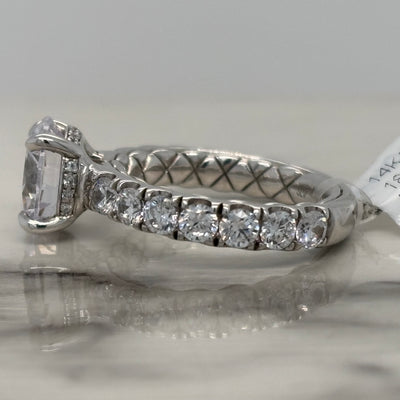 White Gold Round Engagement Ring With Hidden Halo and Round Accent Stones and Quilted Inside Design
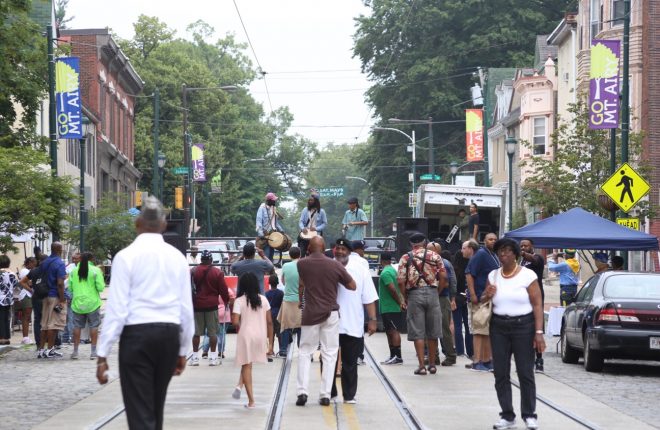 People on a street for a festival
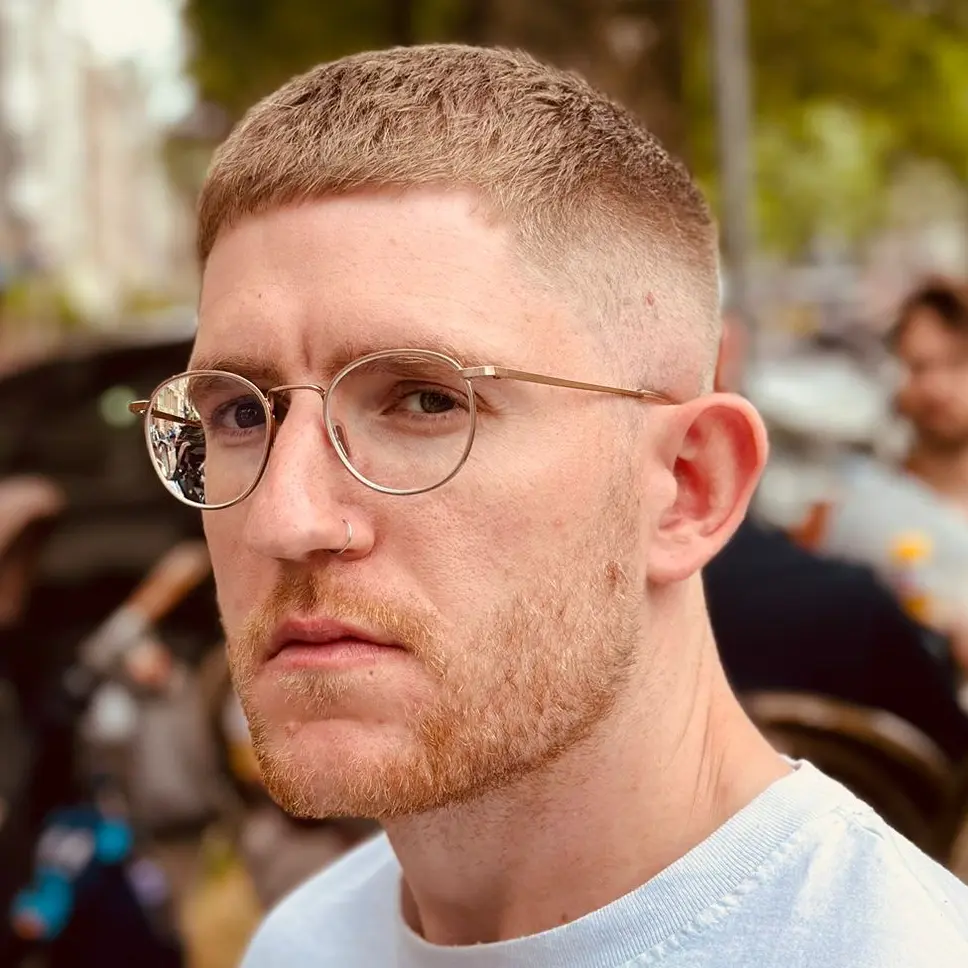 Portrait of a man in a white shirt, facing forward and smiling slightly, set against a plain white background.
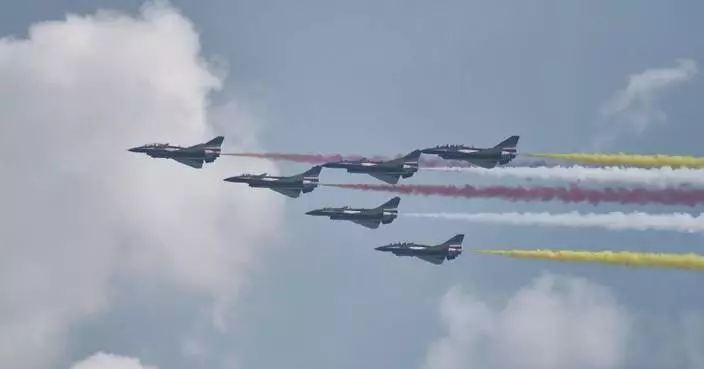 Chinese PLA aerobatic team conducts validation flight ahead of Singapore Airshow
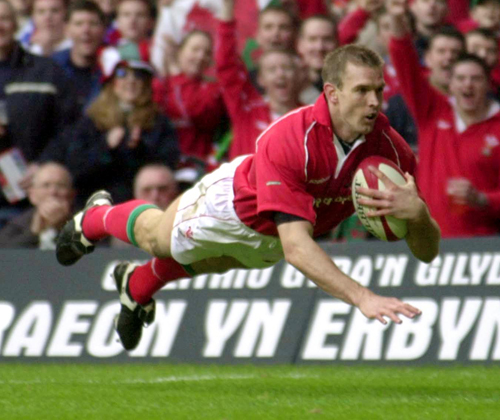 Wales' Dafydd James dives in to score a try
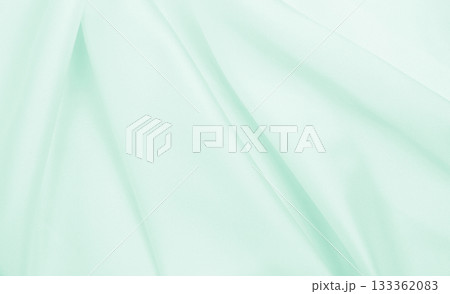 Smooth elegant green silk or satin luxury cloth texture as abstract background. Luxurious background design 133362083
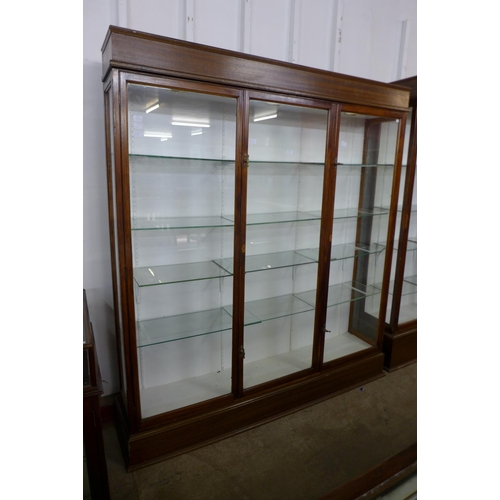 123 - A large mahogany three door shop display cabinet, made by F. Maund & E. Berg Ltd., Showcases & Shopf... 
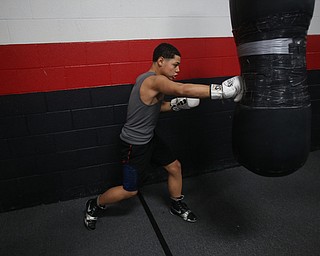 Brayan Colon works the heavy bag, Tuesday, Jan. 16, 2018, at the Southside Boxing Gym in Youngstown...(Nikos Frazier | The Vindicator)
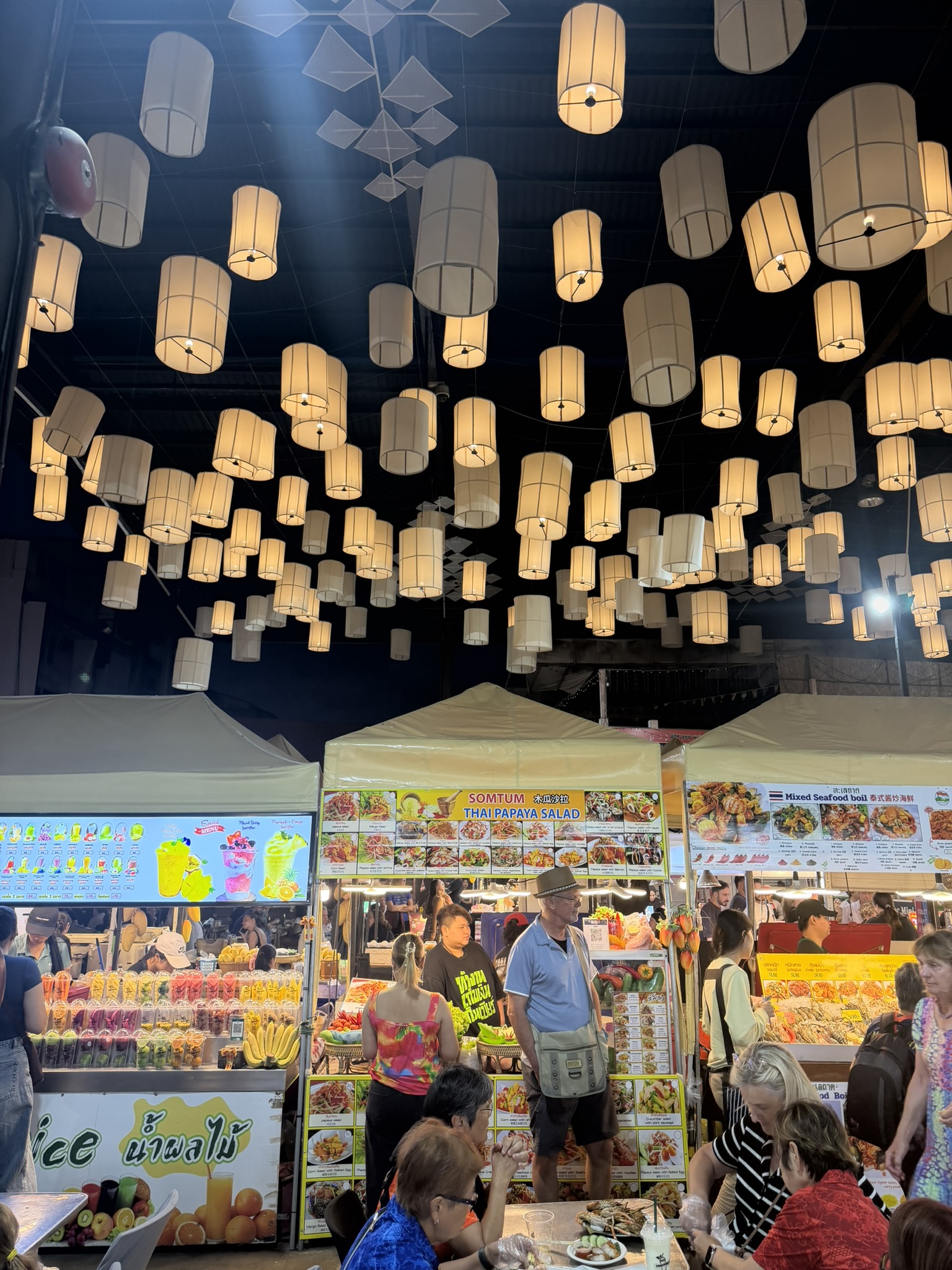 Chiang Mai night market with glowing lanterns overhead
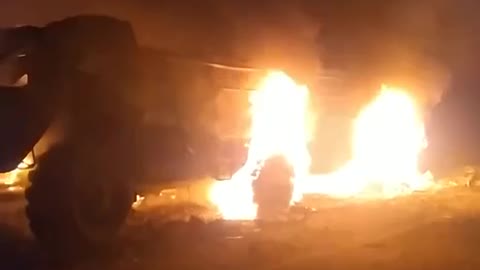 Ukrainian Locals Destroy Russian Carrier with Molotov Cocktails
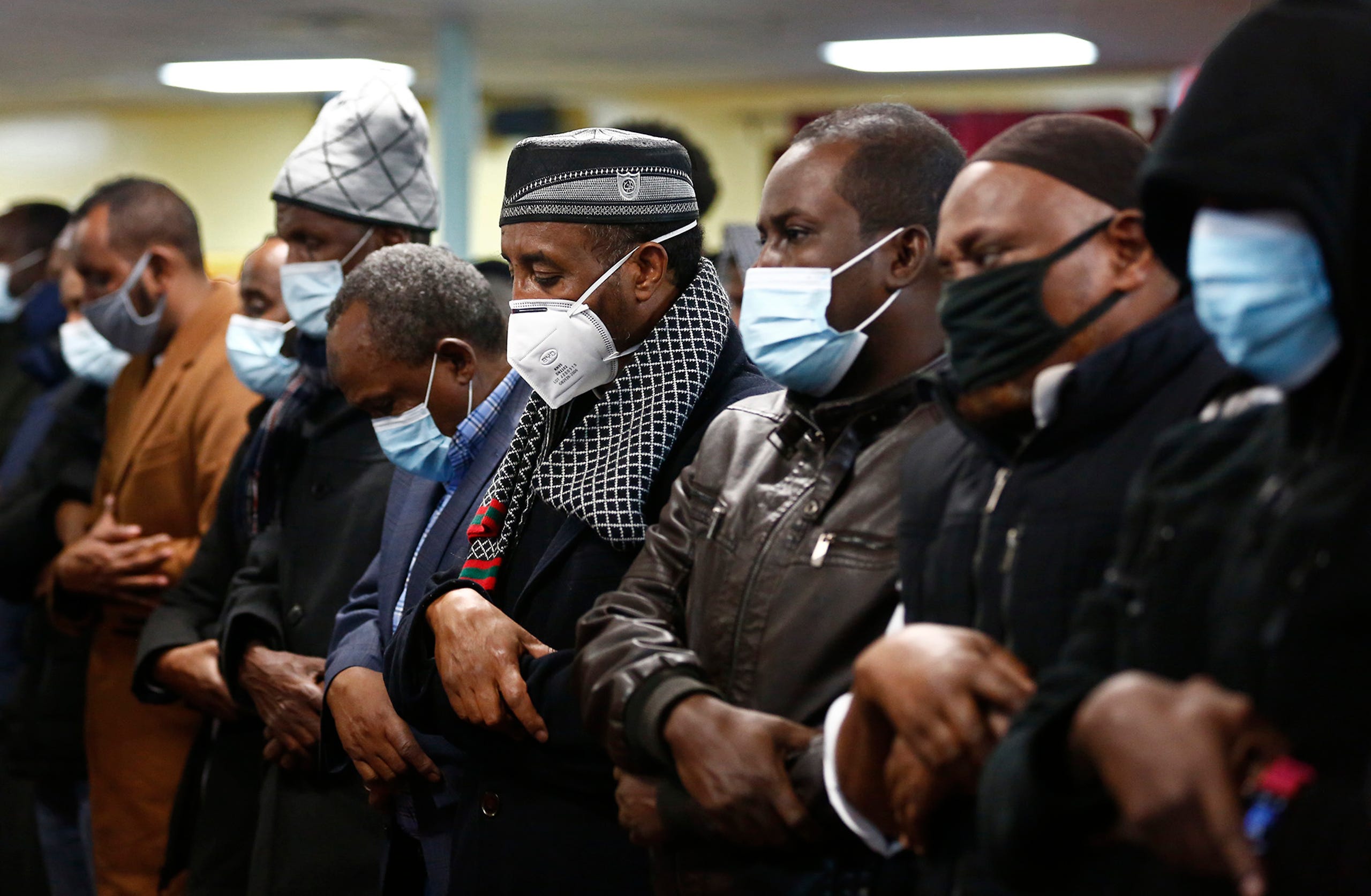 Men pray during a memorial service for slain Imam Mohamed Hassan Adam at IbnuTaymiyah Masjid and Islamic Center on Thursday, December 30, 2021.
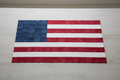 Brave and True Charm Pack — fabric squares arranged in American flag pattern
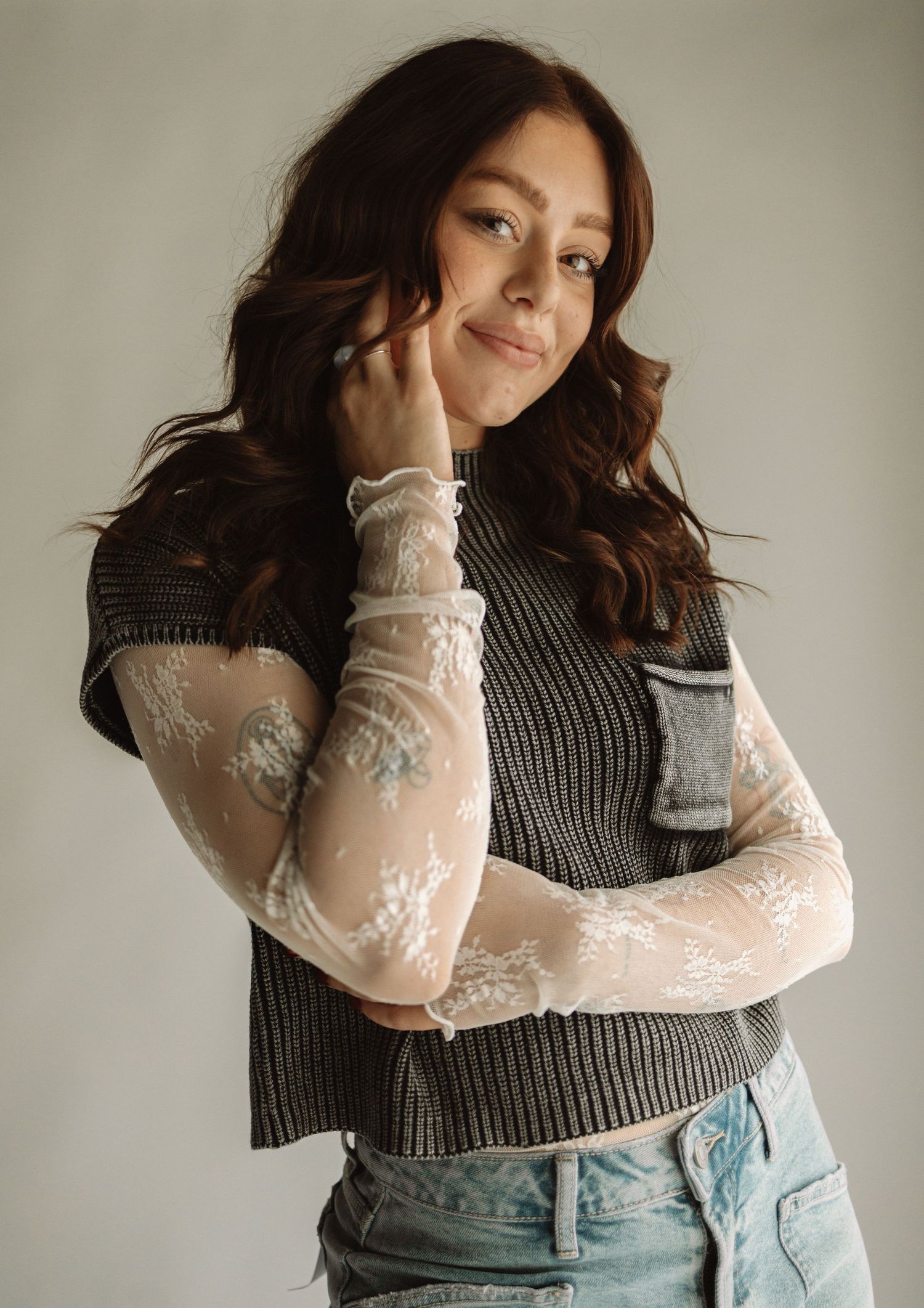 A person wearing a gray knit vest over a white lace long sleeve top poses against a neutral background.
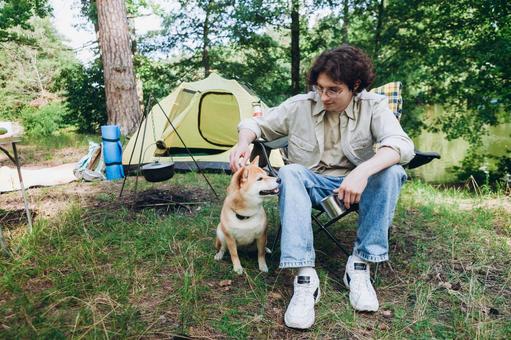 テント横で犬をなでる男性 男性,外国人,犬の写真素材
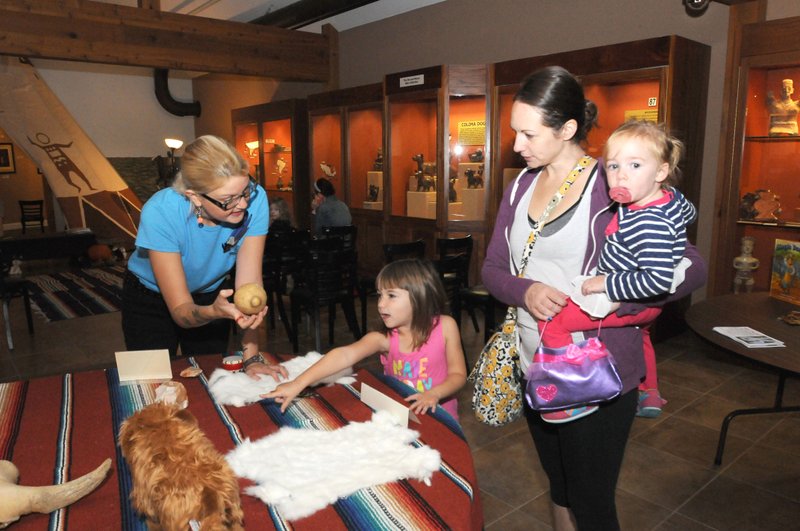 Sarah Benson (left) with the Museum of Native American History in Bentonville shows Friday some touchable items to Meagan Ruffing of Bentonville and her children Elinor (left) and Hannah. Benson read stories and led activities Friday during the museum’s story time. 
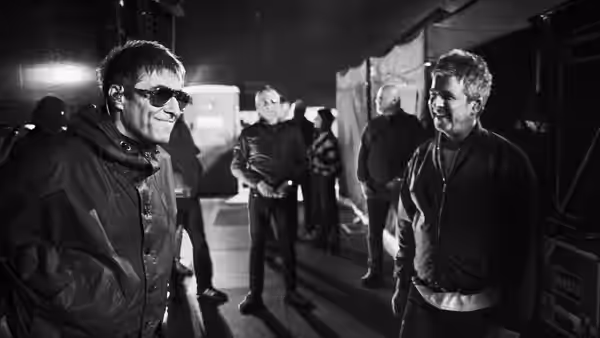 Two men talk face to face in a busy backstage area under lights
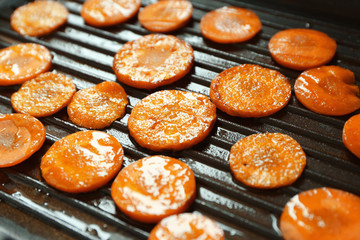 Carrot slices on frying pan, closeup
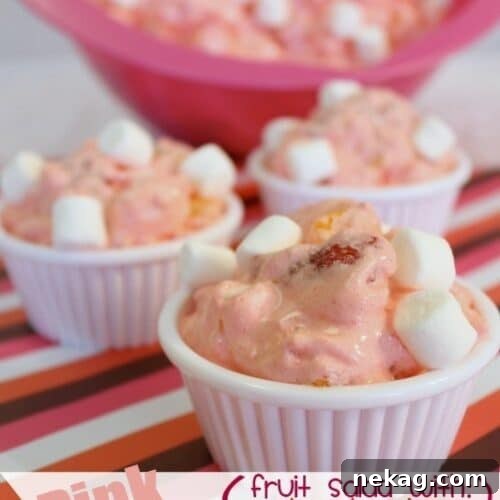 A close-up of Pink Fluff Fruit Salad in a serving bowl, garnished with fresh strawberries.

◇ ◇ ◇ ◇

#### About this exercise
The records above are to be repeated exactly, with the pictures left out.

#### Answer below
 White Gold Round Engagement Ring With Hidden Halo and Round Accent Stones and Quilted Inside Design
 People on a street for a festival
 Portrait of a man in a white shirt, facing forward and smiling slightly, set against a plain white background.
 Chinese PLA aerobatic team conducts validation flight ahead of Singapore Airshow
 Wales' Dafydd James dives in to score a try
 Smooth elegant green silk or satin luxury cloth texture as abstract background. Luxurious background design 133362083
 123 - A large mahogany three door shop display cabinet, made by F. Maund & E. Berg Ltd., Showcases & Shopf... 
 Brayan Colon works the heavy bag, Tuesday, Jan. 16, 2018, at the Southside Boxing Gym in Youngstown...(Nikos Frazier | The Vindicator)
 Chiang Mai night market with glowing lanterns overhead
 Ukrainian Locals Destroy Russian Carrier with Molotov Cocktails
 Men pray during a memorial service for slain Imam Mohamed Hassan Adam at IbnuTaymiyah Masjid and Islamic Center on Thursday, December 30, 2021.
 Brave and True Charm Pack — fabric squares arranged in American flag pattern
 A person wearing a gray knit vest over a white lace long sleeve top poses against a neutral background.
 テント横で犬をなでる男性 男性,外国人,犬の写真素材
 Sarah Benson (left) with the Museum of Native American History in Bentonville shows Friday some touchable items to Meagan Ruffing of Bentonville and her children Elinor (left) and Hannah. Benson read stories and led activities Friday during the museum’s story time. 
 Two men talk face to face in a busy backstage area under lights
 Carrot slices on frying pan, closeup
 A close-up of Pink Fluff Fruit Salad in a serving bowl, garnished with fresh strawberries.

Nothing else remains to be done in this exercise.